• [Task instructions]
Take the line containing "Université populaire de" and every line after it in the data below, and print them exactly as given, with nothing else.

• [Source records]
────────

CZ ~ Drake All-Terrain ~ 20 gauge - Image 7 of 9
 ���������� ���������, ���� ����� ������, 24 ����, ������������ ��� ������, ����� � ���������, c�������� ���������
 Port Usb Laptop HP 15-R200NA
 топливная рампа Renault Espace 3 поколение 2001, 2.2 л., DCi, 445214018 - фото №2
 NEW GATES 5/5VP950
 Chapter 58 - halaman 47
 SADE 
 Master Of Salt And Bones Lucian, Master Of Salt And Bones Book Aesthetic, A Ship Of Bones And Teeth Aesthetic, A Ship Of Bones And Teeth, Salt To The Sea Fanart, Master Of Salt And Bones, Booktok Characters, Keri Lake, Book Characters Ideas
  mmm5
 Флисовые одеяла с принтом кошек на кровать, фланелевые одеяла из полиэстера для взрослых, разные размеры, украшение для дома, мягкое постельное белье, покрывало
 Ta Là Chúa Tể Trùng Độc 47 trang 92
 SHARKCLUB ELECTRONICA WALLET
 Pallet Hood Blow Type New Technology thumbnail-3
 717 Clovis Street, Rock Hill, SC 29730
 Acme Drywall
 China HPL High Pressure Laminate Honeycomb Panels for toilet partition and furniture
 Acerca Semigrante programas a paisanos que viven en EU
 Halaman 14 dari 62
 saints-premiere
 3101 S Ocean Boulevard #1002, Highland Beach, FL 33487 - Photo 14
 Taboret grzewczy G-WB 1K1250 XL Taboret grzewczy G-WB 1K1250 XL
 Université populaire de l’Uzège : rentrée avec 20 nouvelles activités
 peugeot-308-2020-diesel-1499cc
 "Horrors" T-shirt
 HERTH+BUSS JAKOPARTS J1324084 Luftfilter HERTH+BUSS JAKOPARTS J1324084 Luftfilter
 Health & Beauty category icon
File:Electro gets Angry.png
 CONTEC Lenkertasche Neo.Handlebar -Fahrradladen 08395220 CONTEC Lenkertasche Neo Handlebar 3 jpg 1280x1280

────────

• [Expected answer]
 Université populaire de l’Uzège : rentrée avec 20 nouvelles activités
 peugeot-308-2020-diesel-1499cc
 "Horrors" T-shirt
 HERTH+BUSS JAKOPARTS J1324084 Luftfilter HERTH+BUSS JAKOPARTS J1324084 Luftfilter
 Health & Beauty category icon
File:Electro gets Angry.png
 CONTEC Lenkertasche Neo.Handlebar -Fahrradladen 08395220 CONTEC Lenkertasche Neo Handlebar 3 jpg 1280x1280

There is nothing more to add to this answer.